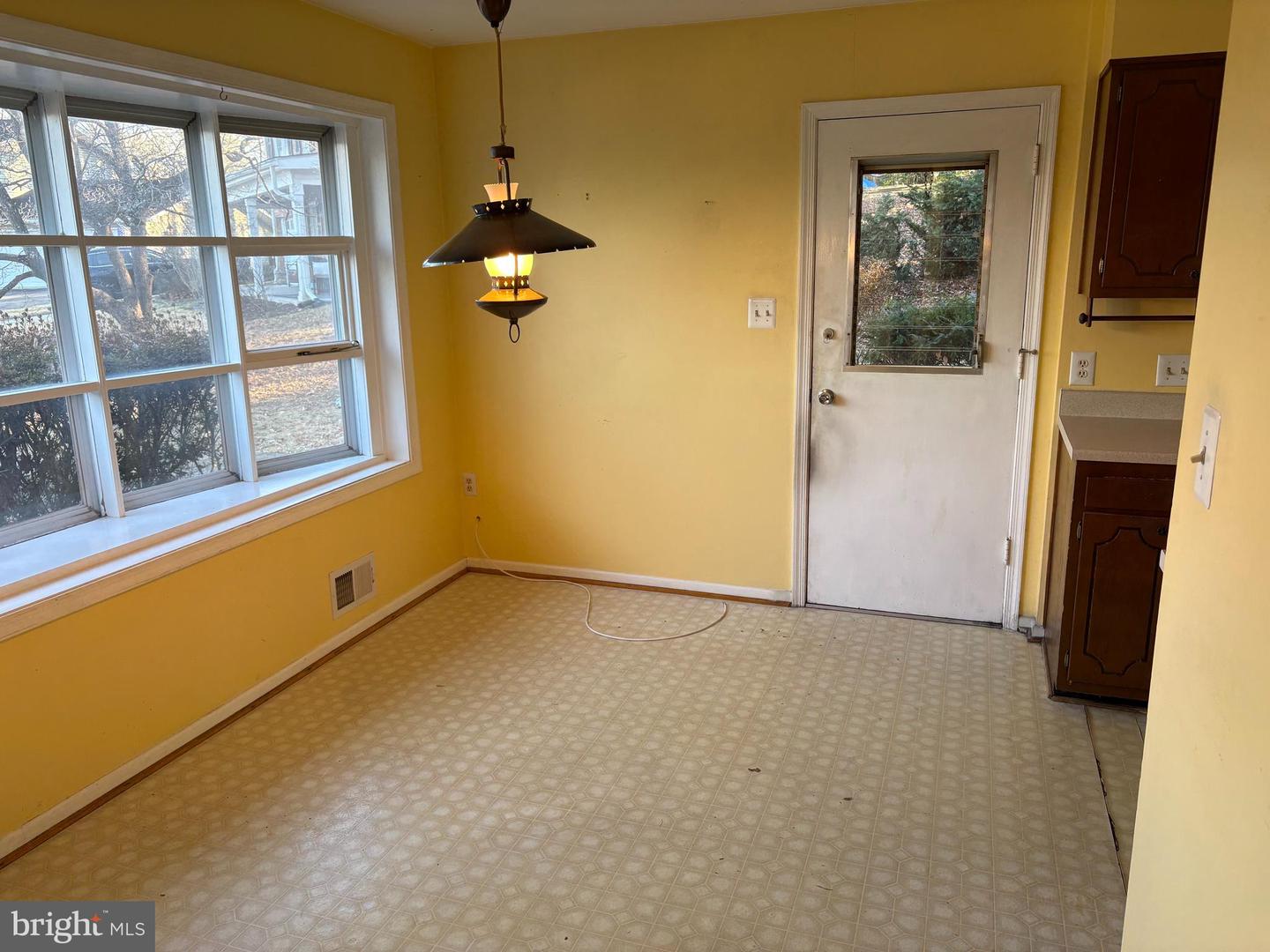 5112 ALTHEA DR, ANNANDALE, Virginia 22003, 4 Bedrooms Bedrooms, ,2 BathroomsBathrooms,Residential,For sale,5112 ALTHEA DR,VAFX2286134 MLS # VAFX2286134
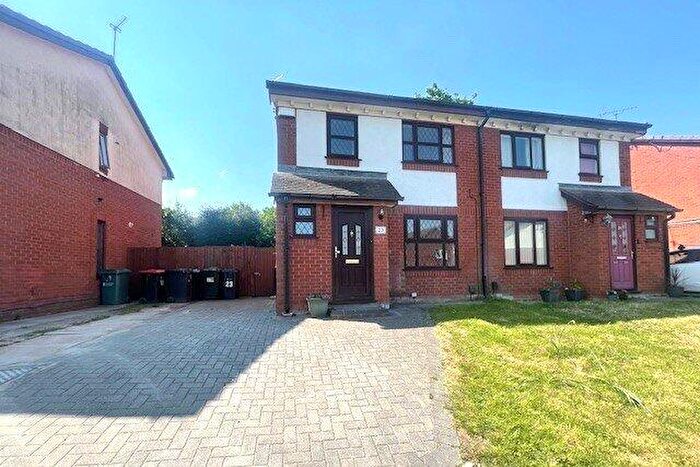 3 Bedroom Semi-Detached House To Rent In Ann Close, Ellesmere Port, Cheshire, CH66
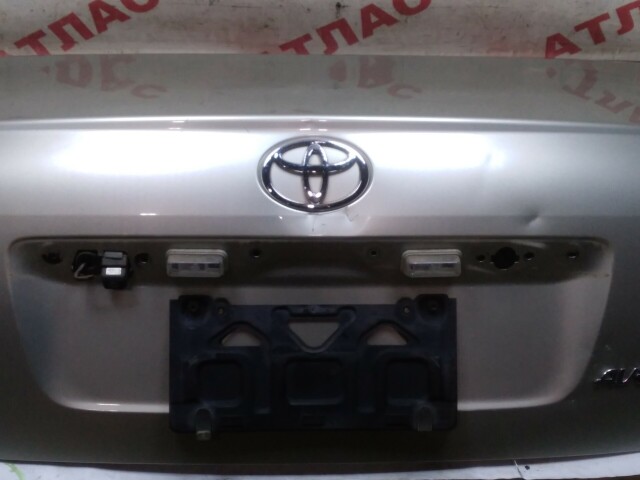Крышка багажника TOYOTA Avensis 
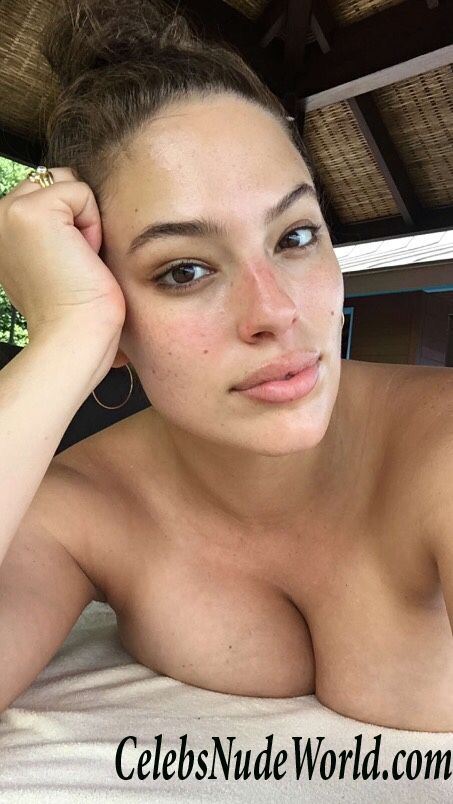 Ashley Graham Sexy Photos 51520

- _Directions for this task_
Reproduce the whole listing verbatim and keep all pictures out of it.

- _Completed exercise_
 5112 ALTHEA DR, ANNANDALE, Virginia 22003, 4 Bedrooms Bedrooms, ,2 BathroomsBathrooms,Residential,For sale,5112 ALTHEA DR,VAFX2286134 MLS # VAFX2286134
 3 Bedroom Semi-Detached House To Rent In Ann Close, Ellesmere Port, Cheshire, CH66
Крышка багажника TOYOTA Avensis 
 Ashley Graham Sexy Photos 51520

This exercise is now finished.